La violence et la grâce se succèdent, de grandes envolées épiques jaillissent avant de laisser le calme retomber. Et la flûte murmurer les premières notes de la trompette.
Adieu le funèbre, bonjour la révolte. Un gong résonne. L'orage naît alors. Saccadé, sec, râpeux ; les cordes se déchaînent avec véhémence. De cette tempête épique comme du Wagner, grandiose et décadente se dégage tout le tragique de l'existence. Mais si ce n'était qu'un simple déluge... Quel intérêt ? C'est alors que la toute cette hargne laisse place à la beauté naïve d'une mélodie. L'œil du cyclone. Le calme avant le retour de la tempête. Ce mouvement se fait ensuite oublier, ralentit et disparaît.
Cette discrétion se poursuit. La transition entre le second et le troisième mouvement ne s'entend presque pas.
Le troisième mouvement, qu'en dire ? Toujours ces oppositions entre violence des cuivres et tendresse des cordes, épique et romantique, mélodies aériennes et simples explosions de haine.

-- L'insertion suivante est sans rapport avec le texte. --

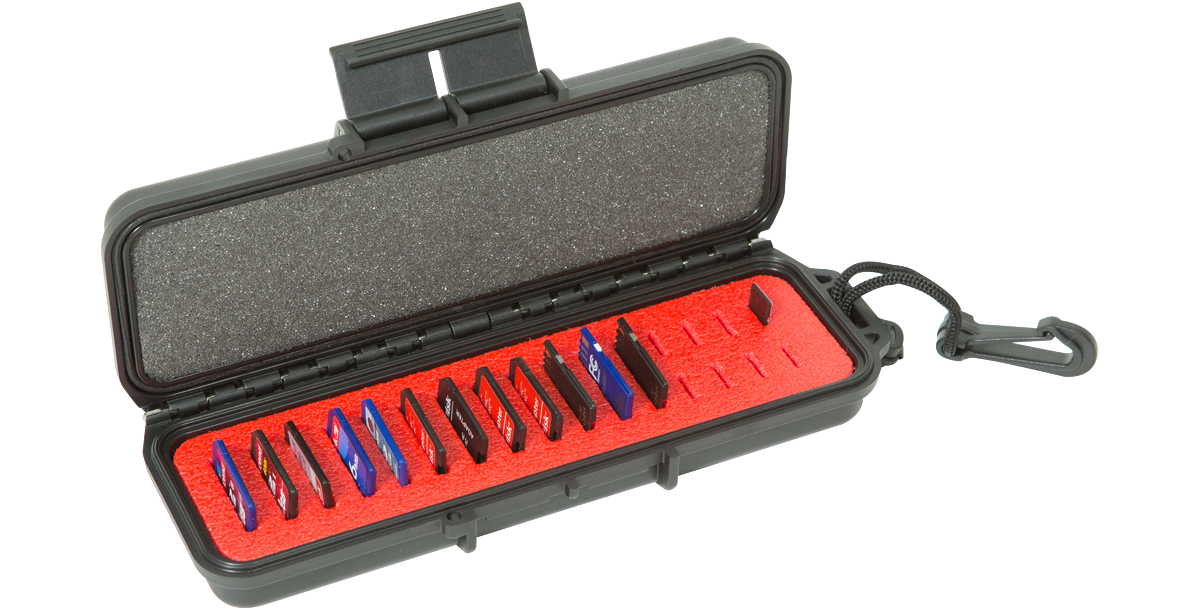 iSeries 0702-1 Memory Card Case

Et puis, illumination céleste. Cinq notes tout au plus. Les premiers violons déposent ces pizzicati, ce petit thème qui jamais ne reviendra. Ces quelques sons qui vous clouent sur place, sortis d'ailleurs. La dimension de l'œuvre est là. Dans ces pizzicati se résume la symphonie entière. Aérienne et inhumaine. La composition dépasse le compositeur. Elle vit sans lui, maintenant. Les simples coups de crayons sur des portées deviennent des sentiments résonnant au plus profond de l'âme.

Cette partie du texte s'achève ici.